The following table summarizes these impacts.
|Pass-Through Businesses||C corporations|
Owner-Level Taxes (with deduction)
|Up to 34.94 percent||Up to 23.8 percent|
Timing of Owner-Level Taxes
|When profits are earned||When dividends are distributed or capital gains are realized|
Top Tax Rate That Applies Immediately to Profits Earned
|34.94 percent||20 percent|
Top Total Federal Rate (combined)
|34.94 percent||39.04 percent|
Imagine, briefly, that a shareholder owns stock associated with $1,000 in pre-tax corporate profits. Under the Senate plan, the corporate income tax immediately takes $200 off the top, leaving $800 in dividends or capital gains. The top rate of taxation on this income (let’s assume that the stockholder has other such income and is paying the top rate) is 23.8 percent, meaning that another $190.40 goes to the federal government. On that $1,000 in pre-tax profits, the federal tax wedge is $390.40, or 39.04 percent.

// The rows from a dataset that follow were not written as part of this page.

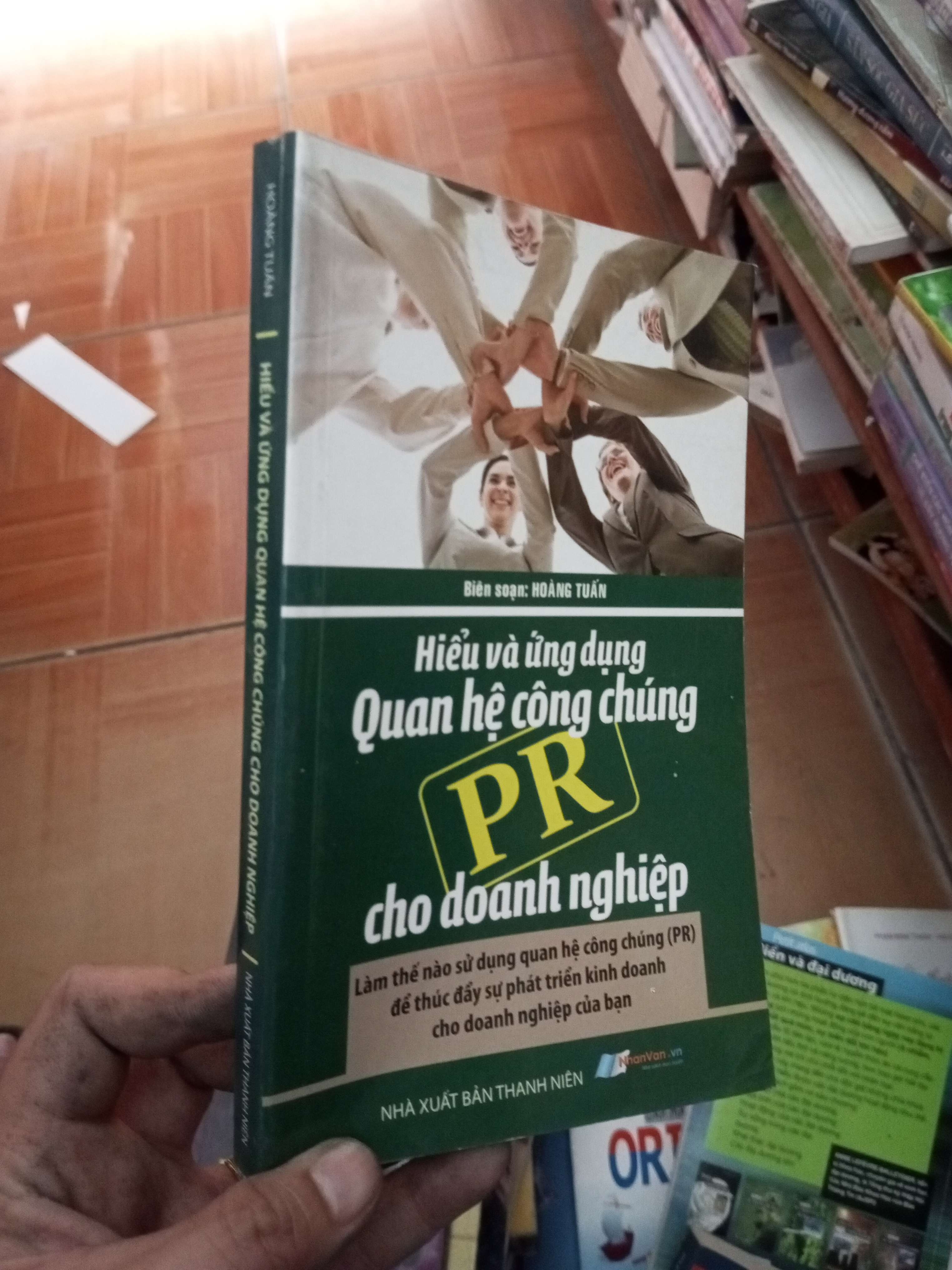 Hiểu và ứng dụng quan hệ công chúng cho doanh nghiệp - Hoàng Tuấn 2011 VAVO-AK18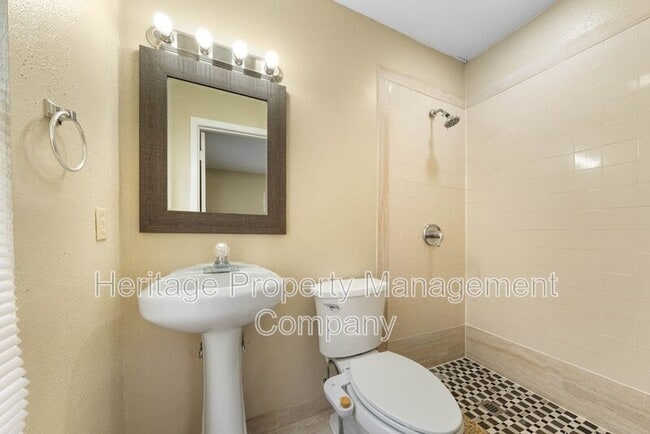 Building Photo - 138 Dora St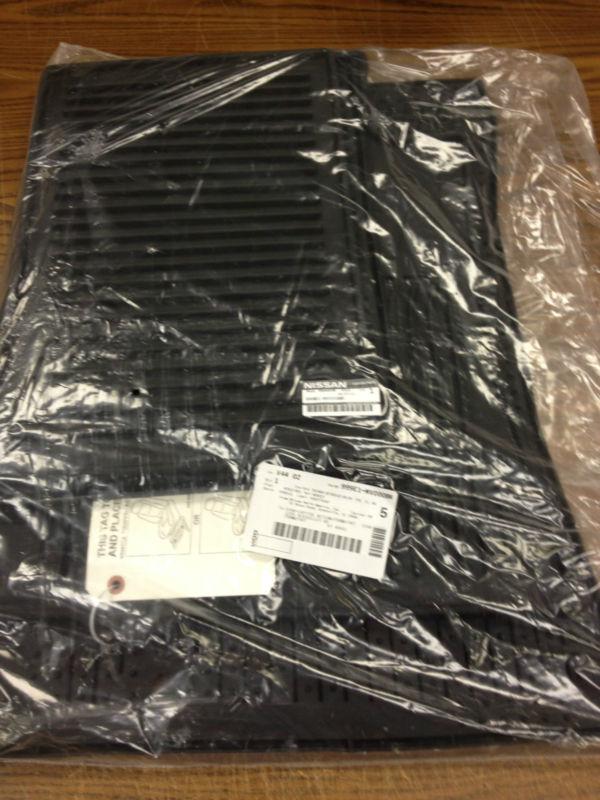 Sell 2009 to 2013 Nissan Maxima Rubber Floor mats Genuine Factory OEM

Now imagine $1,000 in qualified pass-through income. We’ll assume the owner of this pass-through stake has other income as well, and is subject to top marginal rates. Under the Senate plan, this income would be exposed to a top marginal rate of 38.5 percent, plus the 3.8 percent net investment income tax, yielding an initial rate of 42.3 percent. This, however, is where the 17.4 percent deduction comes into play. Because of the deduction, only $826 of the $1,000 is taxable income, yielding tax liability of $349.40, or 34.94 percent.
It is easy to see how, on the surface, pass-through income appears to face greater tax burdens than income from C Corporations. The reality, however, is far more nuanced.
It is true, of course, that some C corporation shareholders are tax-exempt, but owners of pass-throughs may also be tax-exempt, or in lower tax brackets.
It is widely acknowledged that C corporations are a tax-disadvantaged business form, relative to pass-throughs, under current law, with numerous studies showing that income from C corporations faces higher tax rates than income from pass-through businesses even though the current top marginal corporate income tax rate of 35 percent (not taking double taxation into account) is lower than the 43.4 percent rate faced by small businesses. The rapid growth of pass-through businesses in recent decades, however, is testament to their advantages.
Lawmakers are right to be concerned about parity. Ideally, all business income would be taxed at the same rates. It would be an error, however, to omit a major component of the taxation of C corporation income in this analysis. When both entity-level and owner-level taxation is taken into account, the picture suddenly looks quite different.